#### Task to carry out:
Beginning at the line containing "2021 Toyota Sienna" and continuing to the end of the records below, give each line again exactly as it stands, and only those lines.

↓

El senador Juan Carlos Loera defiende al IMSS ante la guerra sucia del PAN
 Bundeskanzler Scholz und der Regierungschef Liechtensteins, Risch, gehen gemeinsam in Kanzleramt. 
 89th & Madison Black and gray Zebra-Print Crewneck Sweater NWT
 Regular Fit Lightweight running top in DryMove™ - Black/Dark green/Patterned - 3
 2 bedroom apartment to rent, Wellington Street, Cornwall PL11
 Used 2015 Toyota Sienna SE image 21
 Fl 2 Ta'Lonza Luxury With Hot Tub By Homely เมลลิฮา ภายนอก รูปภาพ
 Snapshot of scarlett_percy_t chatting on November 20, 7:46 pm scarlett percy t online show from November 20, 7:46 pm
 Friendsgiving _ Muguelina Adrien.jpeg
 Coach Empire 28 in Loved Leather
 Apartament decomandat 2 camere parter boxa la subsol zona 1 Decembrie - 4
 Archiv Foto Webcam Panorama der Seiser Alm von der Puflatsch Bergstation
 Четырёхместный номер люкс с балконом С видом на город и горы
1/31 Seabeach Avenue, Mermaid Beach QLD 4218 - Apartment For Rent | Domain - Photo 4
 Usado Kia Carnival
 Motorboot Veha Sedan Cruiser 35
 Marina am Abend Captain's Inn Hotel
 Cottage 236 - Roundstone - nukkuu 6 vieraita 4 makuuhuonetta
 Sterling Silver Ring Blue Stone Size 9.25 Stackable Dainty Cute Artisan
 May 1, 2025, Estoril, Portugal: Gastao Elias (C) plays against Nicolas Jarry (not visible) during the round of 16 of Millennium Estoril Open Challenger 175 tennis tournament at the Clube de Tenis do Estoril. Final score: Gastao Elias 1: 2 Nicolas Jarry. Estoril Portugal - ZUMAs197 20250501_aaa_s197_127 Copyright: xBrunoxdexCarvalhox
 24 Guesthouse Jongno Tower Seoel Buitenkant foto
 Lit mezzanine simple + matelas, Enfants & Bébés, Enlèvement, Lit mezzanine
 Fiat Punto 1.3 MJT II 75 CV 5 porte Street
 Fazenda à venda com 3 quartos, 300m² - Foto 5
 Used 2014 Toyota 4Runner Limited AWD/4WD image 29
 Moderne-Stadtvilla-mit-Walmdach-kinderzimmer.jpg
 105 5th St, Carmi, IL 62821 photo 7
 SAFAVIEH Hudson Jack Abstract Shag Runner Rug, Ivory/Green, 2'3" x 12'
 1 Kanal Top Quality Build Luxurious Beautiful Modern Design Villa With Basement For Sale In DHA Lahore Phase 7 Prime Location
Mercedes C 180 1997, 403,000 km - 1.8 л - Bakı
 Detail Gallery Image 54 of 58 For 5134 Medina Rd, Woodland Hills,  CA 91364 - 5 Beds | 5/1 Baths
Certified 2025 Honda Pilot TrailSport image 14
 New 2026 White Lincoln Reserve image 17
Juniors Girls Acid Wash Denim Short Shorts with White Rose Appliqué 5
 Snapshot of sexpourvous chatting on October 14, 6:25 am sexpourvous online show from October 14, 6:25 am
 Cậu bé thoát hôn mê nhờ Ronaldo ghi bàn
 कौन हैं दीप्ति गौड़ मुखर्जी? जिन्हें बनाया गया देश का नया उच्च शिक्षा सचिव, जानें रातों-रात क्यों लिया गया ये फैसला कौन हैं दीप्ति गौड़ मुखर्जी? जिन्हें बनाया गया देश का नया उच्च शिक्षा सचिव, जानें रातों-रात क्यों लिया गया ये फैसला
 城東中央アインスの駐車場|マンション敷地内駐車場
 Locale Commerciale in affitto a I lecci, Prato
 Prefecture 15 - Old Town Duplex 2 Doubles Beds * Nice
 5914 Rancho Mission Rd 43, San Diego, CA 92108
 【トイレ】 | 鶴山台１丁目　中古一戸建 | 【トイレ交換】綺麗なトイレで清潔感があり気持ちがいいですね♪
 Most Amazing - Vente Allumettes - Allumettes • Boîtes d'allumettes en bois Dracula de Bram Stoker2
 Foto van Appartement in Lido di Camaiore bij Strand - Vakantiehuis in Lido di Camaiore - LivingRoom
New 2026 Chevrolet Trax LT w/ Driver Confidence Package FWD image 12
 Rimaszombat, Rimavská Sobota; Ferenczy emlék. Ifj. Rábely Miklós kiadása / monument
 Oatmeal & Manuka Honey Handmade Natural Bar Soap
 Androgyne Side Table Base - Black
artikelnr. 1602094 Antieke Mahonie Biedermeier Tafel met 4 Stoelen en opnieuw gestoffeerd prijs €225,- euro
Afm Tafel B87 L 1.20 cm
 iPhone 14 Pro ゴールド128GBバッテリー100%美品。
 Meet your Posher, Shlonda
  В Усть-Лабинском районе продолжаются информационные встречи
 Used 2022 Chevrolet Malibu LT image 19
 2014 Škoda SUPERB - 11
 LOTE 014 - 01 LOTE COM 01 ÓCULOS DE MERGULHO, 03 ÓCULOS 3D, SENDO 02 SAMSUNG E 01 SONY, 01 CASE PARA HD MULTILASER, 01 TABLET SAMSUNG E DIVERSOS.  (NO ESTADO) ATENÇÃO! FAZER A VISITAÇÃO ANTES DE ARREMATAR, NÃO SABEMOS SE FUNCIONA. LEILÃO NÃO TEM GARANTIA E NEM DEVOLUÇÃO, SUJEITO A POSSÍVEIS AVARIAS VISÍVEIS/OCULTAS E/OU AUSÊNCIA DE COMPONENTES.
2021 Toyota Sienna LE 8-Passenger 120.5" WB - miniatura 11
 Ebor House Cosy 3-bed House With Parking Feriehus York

↑

#### Result for this exercise:
2021 Toyota Sienna LE 8-Passenger 120.5" WB - miniatura 11
 Ebor House Cosy 3-bed House With Parking Feriehus York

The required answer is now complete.